Please set down only the lines running from the one with "Beach, FL 32550" through the last line of the entries, exactly as written and without any pictures.

########

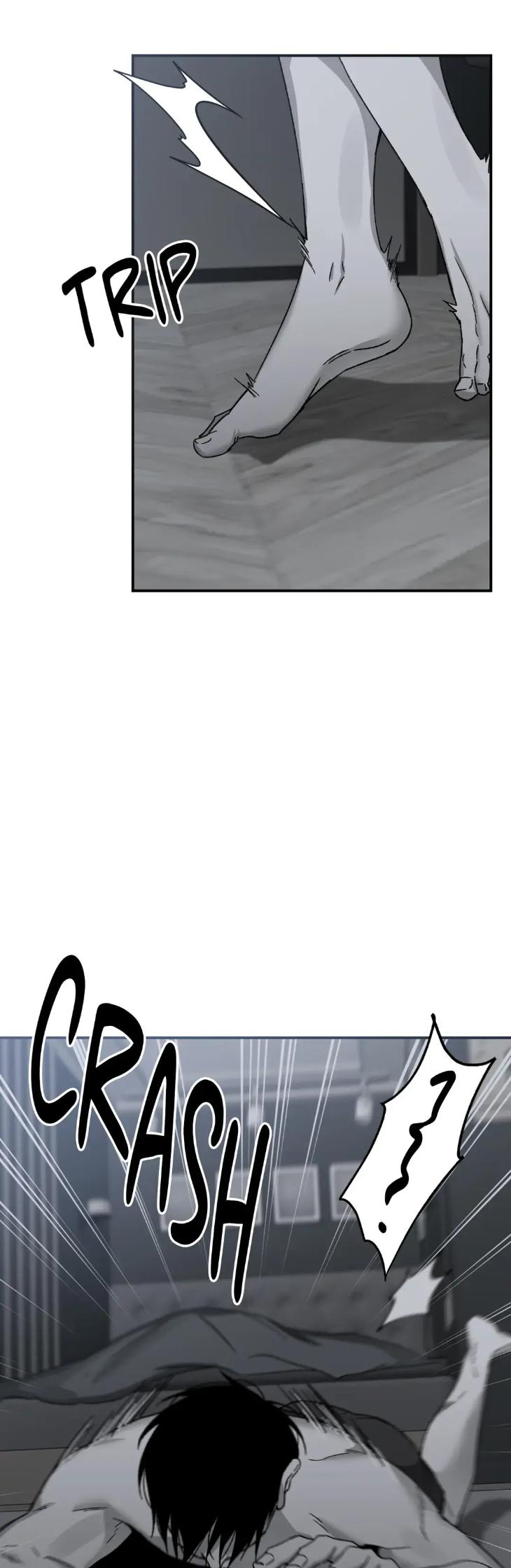 No-Reason-By-Salty-Eng page 24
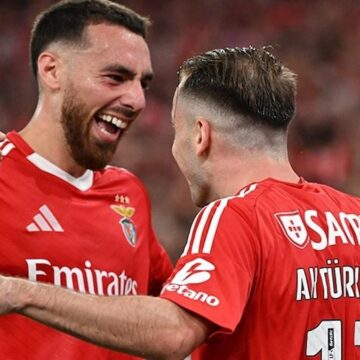 Orkun Kökçü’den Kerem Aktürkoğlu yorumu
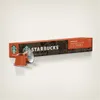 Starbucks Colombia Kaffeekapsel Medium geröstet 10 Stück(e) Produktbild-Vorschau 1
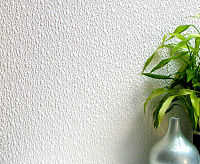 2512 Обои флизелиновые под покраску Ateliero  1,06*25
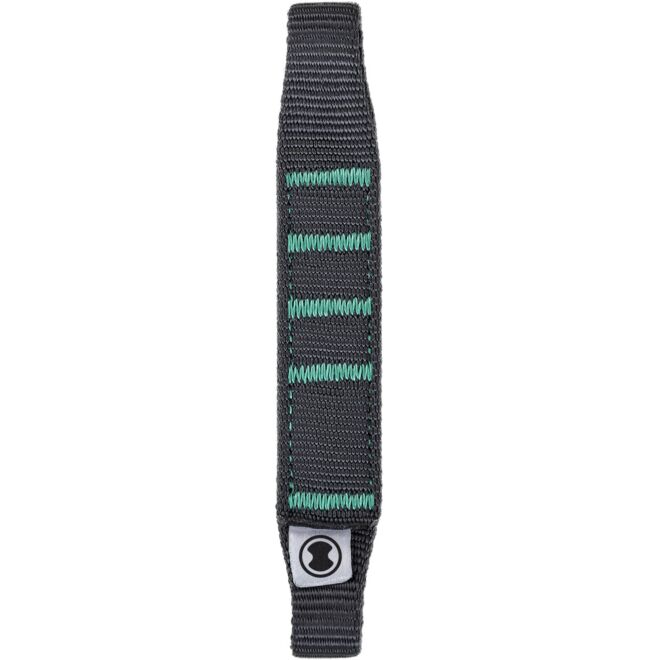 Skylotec Extender NY Pro expressschlinge
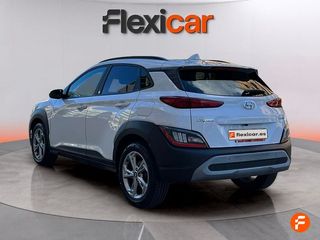 Hyundai Kona 1.0 TGDI N Line 30 Aniversario 4X2
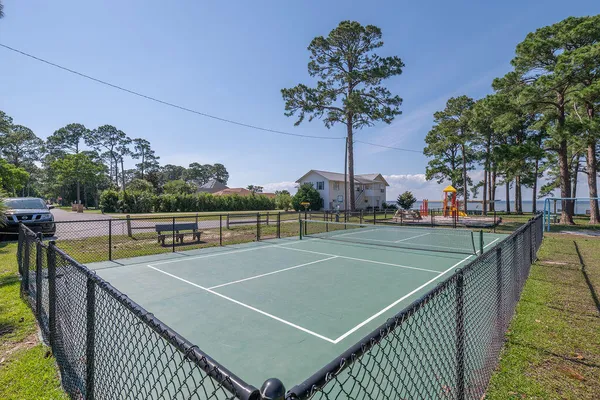 $3,100 | 62 Legion Park Loop, Miramar Beach, FL 32550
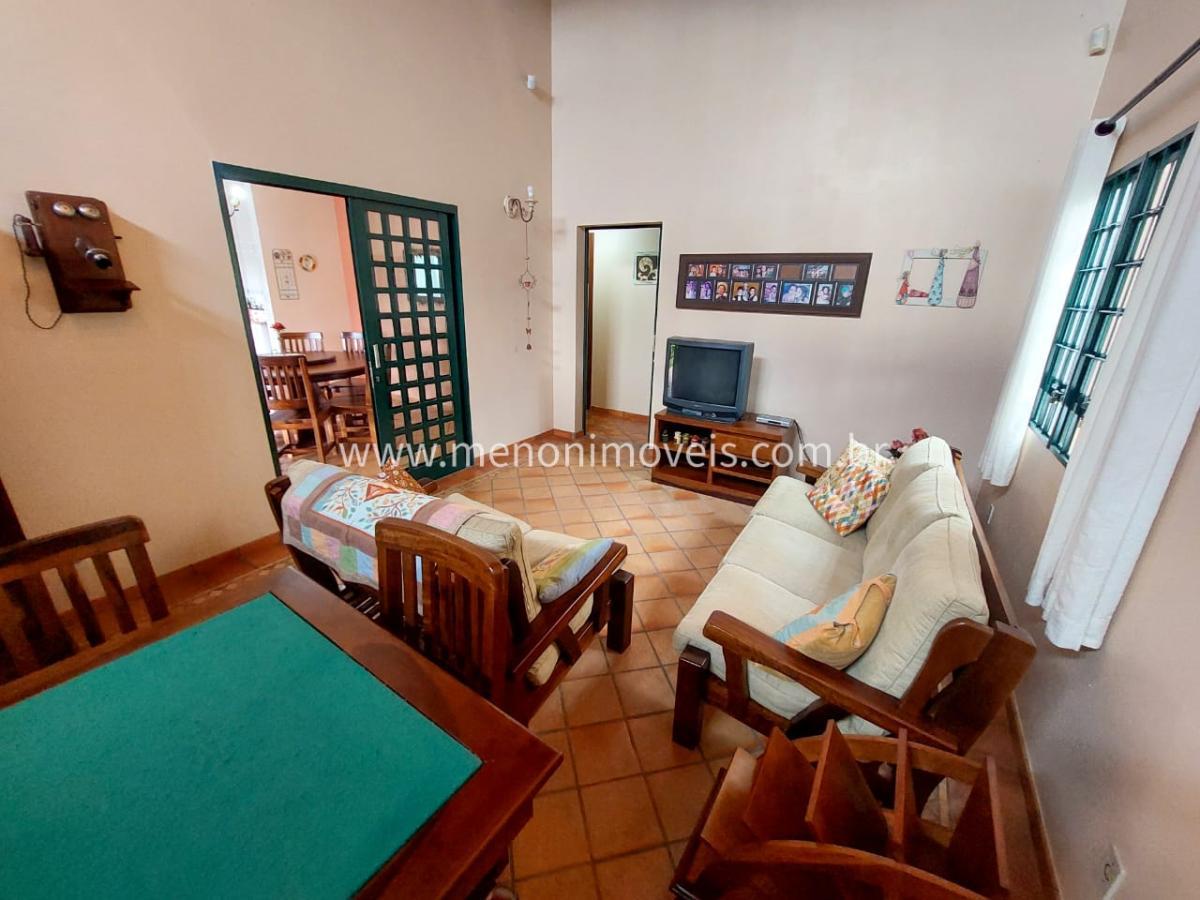 Fazenda, 4 hectares - Foto 17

########

_Task output_.
 $3,100 | 62 Legion Park Loop, Miramar Beach, FL 32550
 Fazenda, 4 hectares - Foto 17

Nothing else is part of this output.